Rapid Repulsion is Line Gulsett's second solo-exhibition at TORCH gallery. The exhibition will feature a selection of recent large- and small scale canvasses in addition to drawings with oil pastel on black paper. A rapid, pulsating stream of images without notable substance passes before our eyes. It offers momentary comfort, a distraction at least, but becomes unsettling once the separate images are revisited via our memory. Small but significant imprints are continuously added to the fluid neural network of processes that define our memory. Together they can create a repulsive shallowness experienced as a homogeneous mass of virtual impressions. Weightless representations of matter float in a virtual realm without a beginning or an end. They lack a past, present or future tense. The digitized world can be seen as an off-putting chaos of nearly identical identities behaving like Brownian particles in an almost limitless space. Rapid Repulsion, the title of Line Gulsett's upcoming exhibition at TORCH gallery, describes a contemporary environment that seems especially hostile to those who aim to create a more lasting impression with paint on a canvas.
Prikkedøden (2016, 170 x 130 cm, Oil on canvas) is an exemplary piece for her practice.
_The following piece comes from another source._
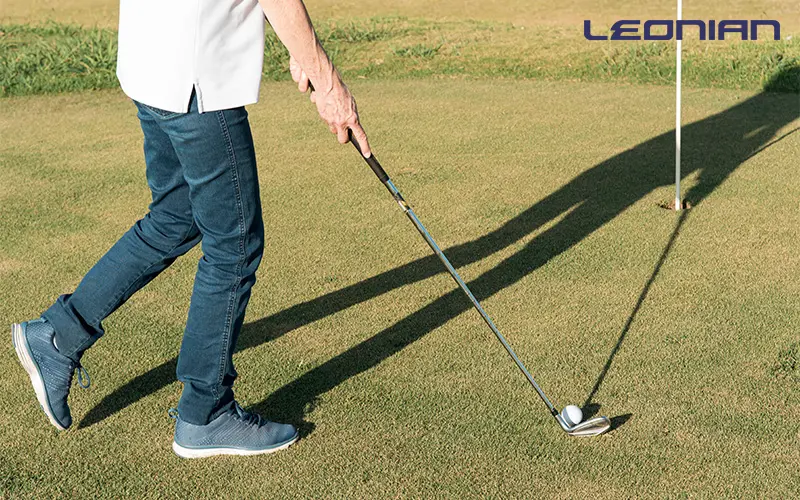 golfer playing golf.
A white playmat with brightly coloured dots is seen from above. This relic of a past game seems to hover on a somewhat threatening black and bright green void. It covers most of the canvas. Without the addition of some figurative elements one might mistake the piece for a strictly abstract composition. However, the dotted playmat is flanked by what appear to be the rapidly moving limbs of a couple of children residing just outside the frame. Their movement is suggested by fleeting streaks of white paint. The entire piece seems to be covered in a translucent film resembling an often used cinematic strategy to represent reliving a memory. There is a threatening tone to this artwork, as if something is trembling underneath the painterly surface.
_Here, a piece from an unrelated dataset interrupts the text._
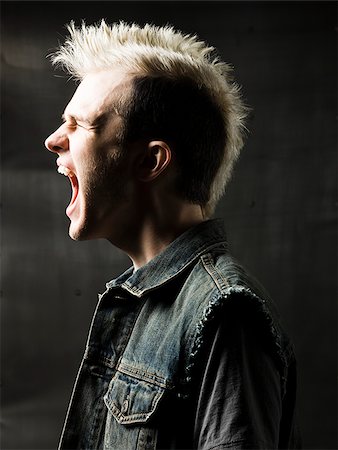 rock and roll - man with a mohawk Stock Photo - Premium Royalty-Free, Code: 640-02779222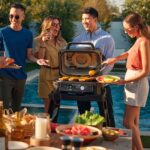Grupo de cuatro amigos disfrutando de una barbacoa junto a una piscina, usando la Barbacoa Eléctrica Ninja Woodfire XL para asar verduras y carne.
In her work, Line tries to pinpoint the moments that are of formative importance to the growth of a singular identity. Children's intuitive games and playful interactions are compared with the awkward social disconnect that is often part of adulthood. She also addresses the memory of childhood, including all the angst and desires of belonging while simultaneously striving for a certain heroic individuality. She describes the way this recollection of a fragile period in ones life is always altered by a current state of mind. She attempts to paint the way intense feelings can distort the experience of time and space itself. These thoughts take shape in compelling canvasses where formal abstraction and art historical references share a pictorial space with running children and the typical attributes of activities like hopscotch, skipping and swimming.